Durante la movida madrileña, Glutamato Ye-Yé cantaba un divertido tema que anunciaba que Oriente estaba insurgente. Hoy, muchos años después, se cumple aquel presagio del grupo que lideraba Iñaki Fernández. Desde que el joven vendedor Mohamed Bouazizi se inmoló en Túnez, convirtiéndose en el principal mártir de la Revolución de los Jazmines, las protestas populares se han extendido por varios países árabes y amenazan con prender en el resto. A Túnez siguieron Argelia, Jordania, Egipto y ahora, Yemen. Parece que el movimiento no se detiene, a pesar de la represión ejercida por los temerosos monarcas absolutos y los presidentes vitalicios, que empiezan a sentir que la camisa no les llega al cuello y sospechan que pronto se convertirán en compañeros de exilio de Ben Alí. Las imágenes de las manifestaciones de El Cairo, Suez o Sanaá, como antes las de las principales ciudades tunecinas, reflejan el malestar de unas poblaciones hartas de su progresiva miseria y del enriquecimiento ilícito de las élites políticas.
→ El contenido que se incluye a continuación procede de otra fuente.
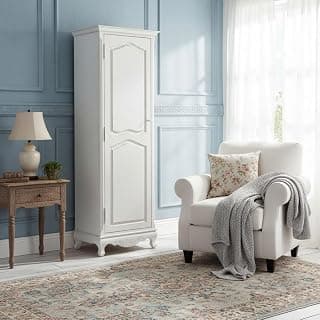 APRODZ Mango Wood Multipurpose Storage 1-Door Libson Wardrobe Almirah for Living Room | White Finish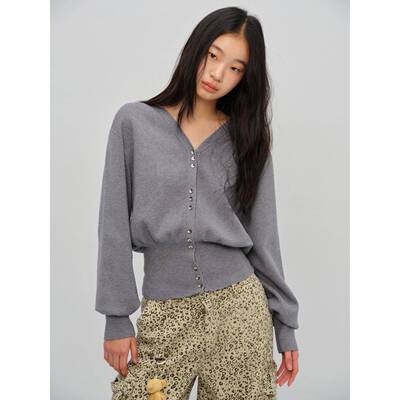 TDDP“温静柔奢“精制女毛羊V领短款毛衣2025新款WAQ秋季收腰针织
Occidente calla, como siempre, interesado como ha estado en sostener durante décadas a estas dictaduras. Pero no menos que los integristas, cuyas tesis encontraban en la opresión un magnífico caldo de cultivo y a los que la posibilidad de que se establezcan democracias asusta tanto como a los sátrapas actuales. Unos y otros tienen la impresión de que pueden perder su chiringuito, ya sea económico, político-militar o ideológico.
Y mientras se suceden los acontecimientos a toda prisa, casi tanta como la que se vivió a partir de 1989 en el Este europeo, tras la caída del Muro de Berlín, la familia de Mohamed Bouazizi sigue llorando su muerte. Lástima que quien encendió la llama de la rebelión no pueda presenciar los efectos devastadores de su valiente aunque suicida acción.